I work for big tech. This likely isn't a cancellation, but a 1 year pause. Most big tech companies either didn't do bonuses or salary increases this past year. The reality is that for most Tesla employees this would be a ~5-20k hit a year since the stock vests over 4 years.
https://www.nasdaq.com/articles/tes...erit-based-stock-compensations-bloomberg-news
 
It is yet to be determined what the actual problem or combination of problems was. Tesla might want to get on top of this. This is getting airtime in every news group and small local news feed in Canada. Proof that EV’s are no good in the cold.

It wasn’t a power outage because you could see the lights on the stalls. What takes a whole supercharger down? We just came thru a minus 27 cold snap and we could pin a supercharger at 250 kw with a pre-conditioned car.

Weird.
Key phrase "pre-conditioned car". Chicago is around 1/4 houses and over 50% apartments. People who use Superchargers (esp at the locations far from freeways) likely don't have home charging. If they try to charge a frozen pack at the start of their trip all they will pull is heating power which will take maybe 15 minutes or more to get the pack to a temperature where it will charge.
If new to EVs, they might see this as "the charger is broken". There were 3 of 10 posts down though at one site.
This is a case where a lot of level 2 spots would be handy for conditioning.
 
It is yet to be determined what the actual problem or combination of problems was. Tesla might want to get on top of this. This is getting airtime in every news group and small local news feed in Canada. Proof that EV’s are no good in the cold.

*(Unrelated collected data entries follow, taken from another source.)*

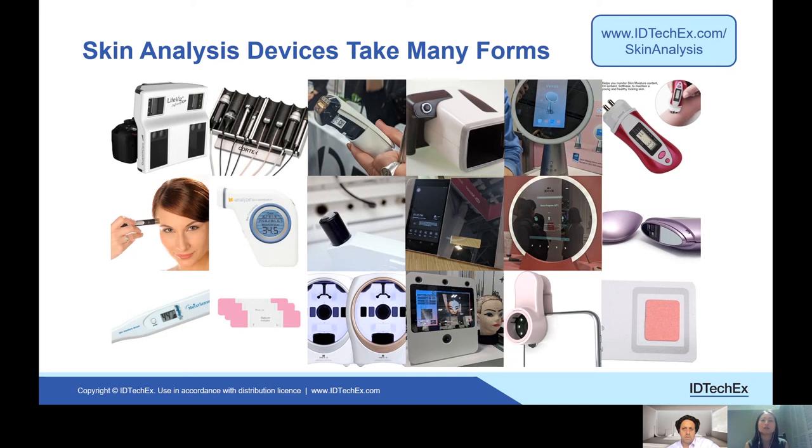On the slide we have a few that someone may see when they visit a retailer such as Sephora or if they go to a highland spa. Quite a few of these have been on the market for maybe the past five to ten years as well.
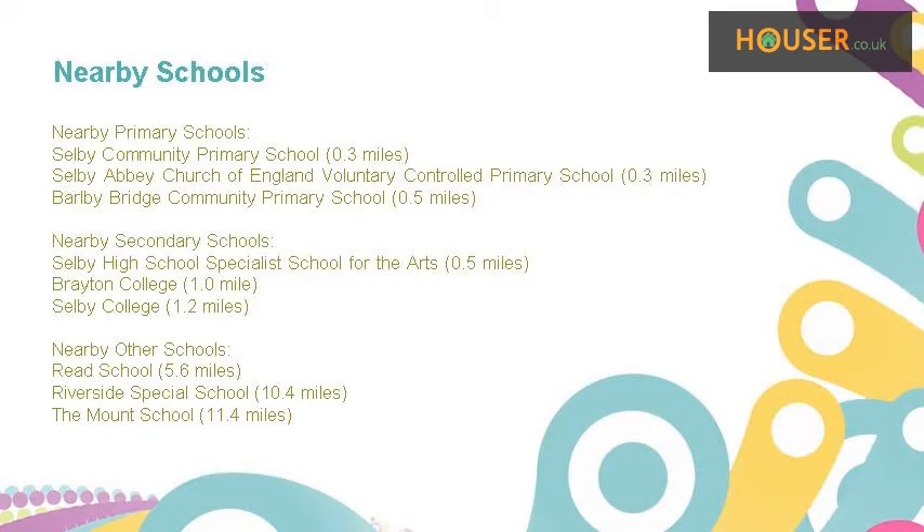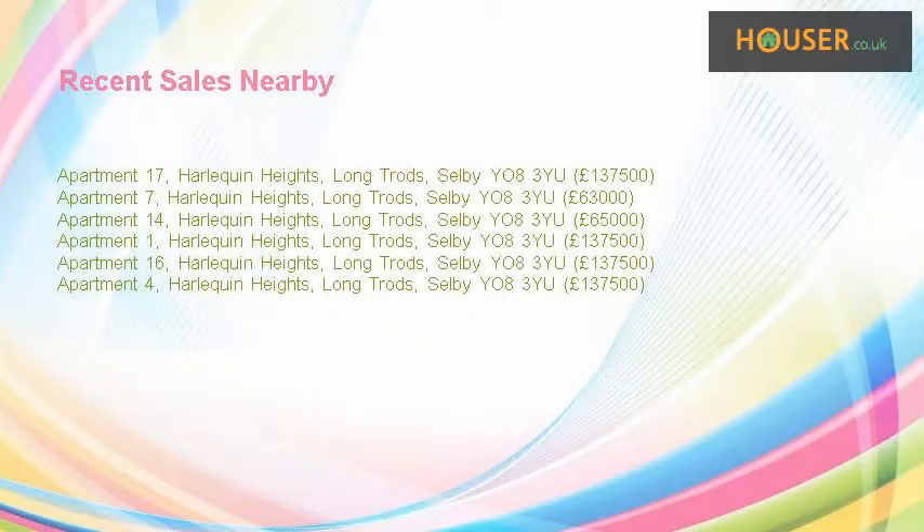Some excellent schools are near this property, making it an ideal purchase for families. Recent sales near this property are shown here with sale prices.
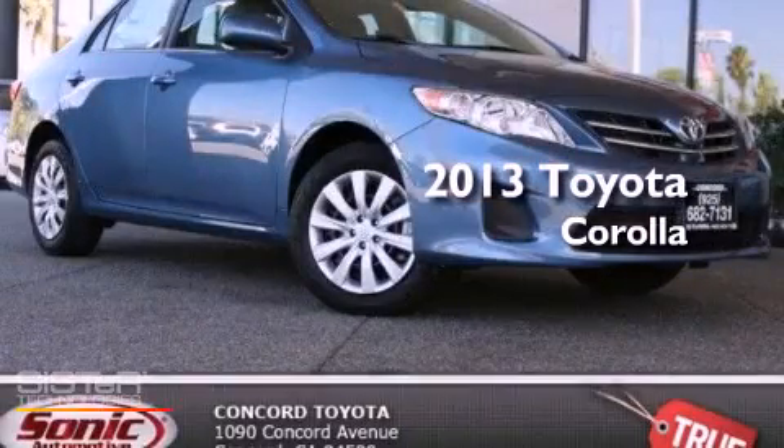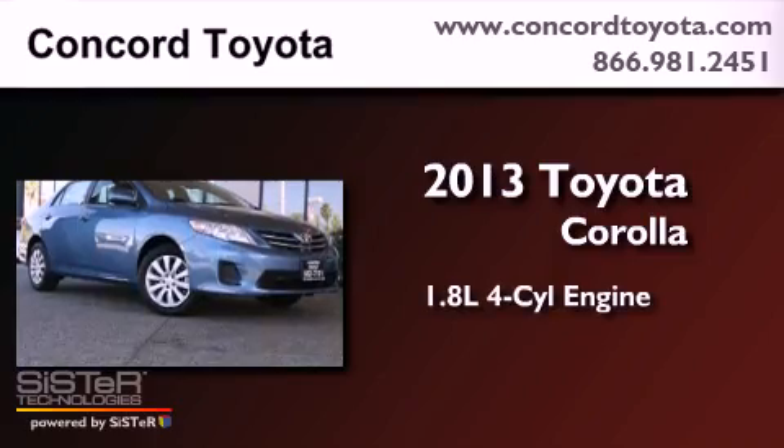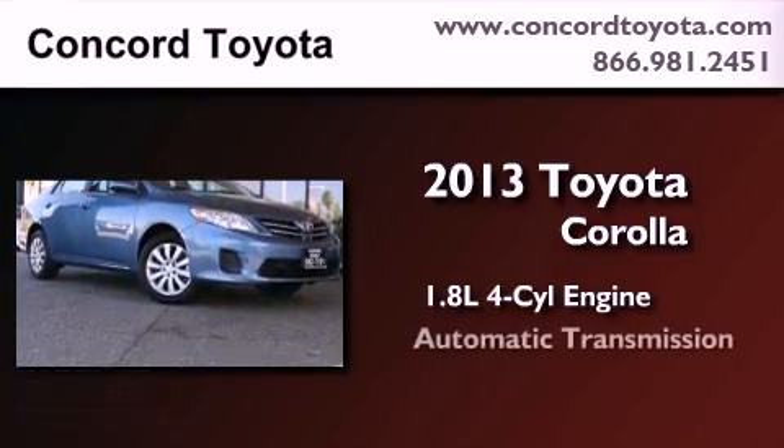This is a brand new 2013 Toyota Corolla. It features a 1.8-liter four-cylinder engine and an automatic transmission.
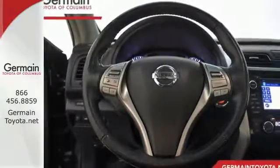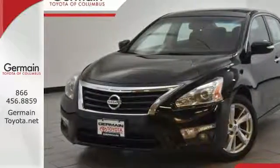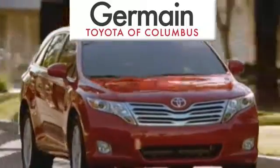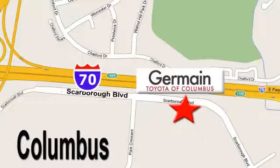Make this spacious Altima yours today. It's begging for you to come take a test drive. Come experience luxury the germane way at Toyota of Columbus, conveniently located at 5777 Scarborough Boulevard in Columbus.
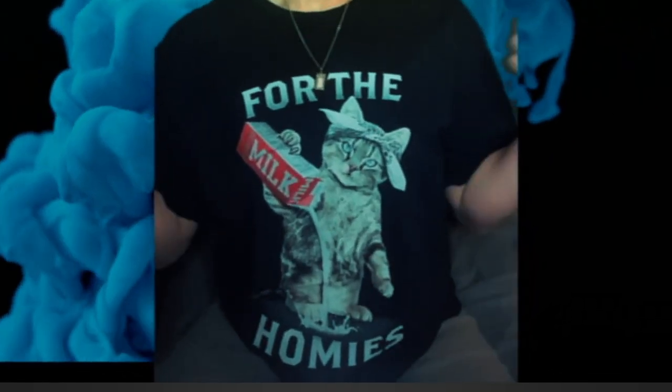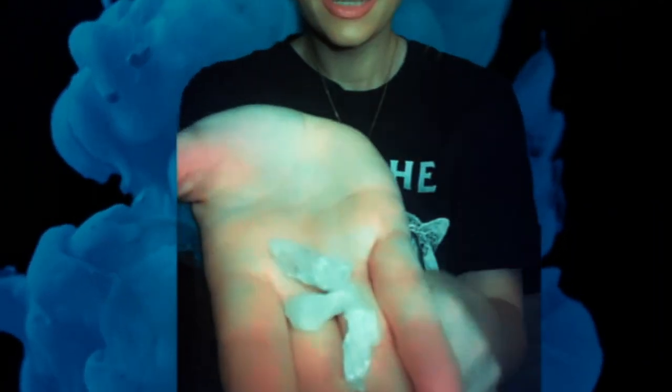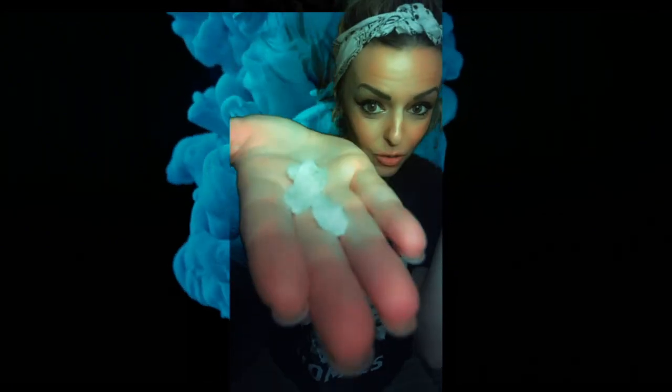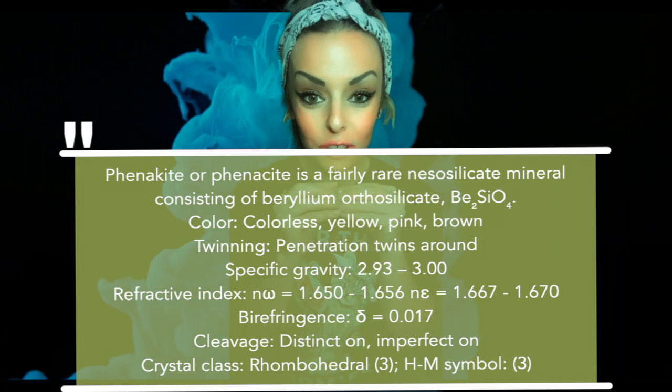We're the homies, y'all. So guys, I have right here phenakite, or phenocyte. This looks like crystal quartz, but it's not — this is actually a very high vibration crystal.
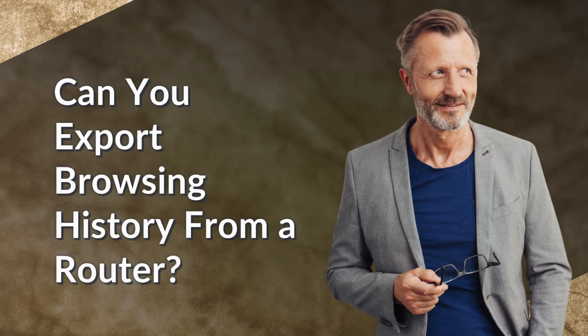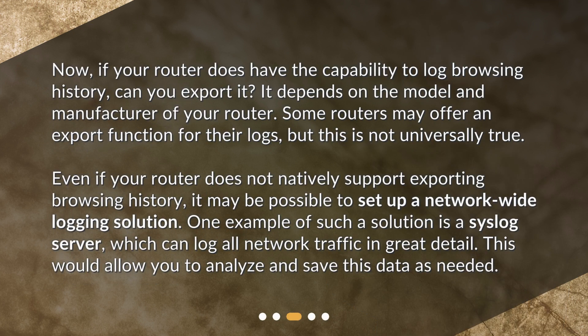Can you export browsing history from a router? Now, if your router does have the capability to log browsing history, can you export it? It depends on the model and manufacturer of your router. Some routers may offer an export function for their logs, but this is not universally true. Even if your router does not natively support exporting browsing history, it may be possible to set up a network-wide logging solution.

It wasn’t a power outage because you could see the lights on the stalls. What takes a whole supercharger down? We just came thru a minus 27 cold snap and we could pin a supercharger at 250 kw with a pre-conditioned car.

Weird.
From the photo, one of two things happened. A run on the chargers while there was no power outage. People didn't navigate to the Supercharger so there was no preconditioning which caused the Superchargers to go into cold battery mode (the distance to the Supercharger might have been so short that it wouldn't make a lot of difference. I've noticed on trips that the first Supercharge in the morning the preconditioning a -3 C doesn't complete by the time I've driven four miles to the Supercharger. Assuming they are locals and don't have home charging, they should pre-warm the car before driving to the Supercharger.). Or a combination. This appears to be a driver education issue because Tesla can't change the physics of battery charging.
 
So why is this making national news when in Norway it's no problem? I just had a family friend mention this to me yesterday and now I see it on NPR...Are all these new owners who are not used to the cold weather yet?

This is what I think is going on .
I stopped at a local supercharger yesterday . MX had 130 miles on the battery , can max charge to 220 miles. Outside temp was 1F with wind chill of -4F. The battery wasn’t preconditioned, it took almost 45 min for the battery to warm up before it could start taking any charge . As I knew this , I went grocery shopping . I think most nee owners don’t think much about preconditioning the battery and to see the car not accept charge for close to an hr while the battery is warming up , makes them think the car cannot be charged in cold weather . Newbies🤦🏼‍♂️
 
If they try to charge a frozen pack at the start of their trip all they will pull is heating power which will take maybe 15 minutes or more to get the pack to a temperature where it will charge.
Depends on the vehicle. The non-heat pump Model 3s can take up to an hour to heat the pack before it starts charging. (From Out Of Spec video last year where they tested this.) Which obviously adding an hour to the charge time of even half of the vehicles is going to likely make for long queues at the Supercharge, resulting in cooling batteries even for people that pre-conditioned on the way.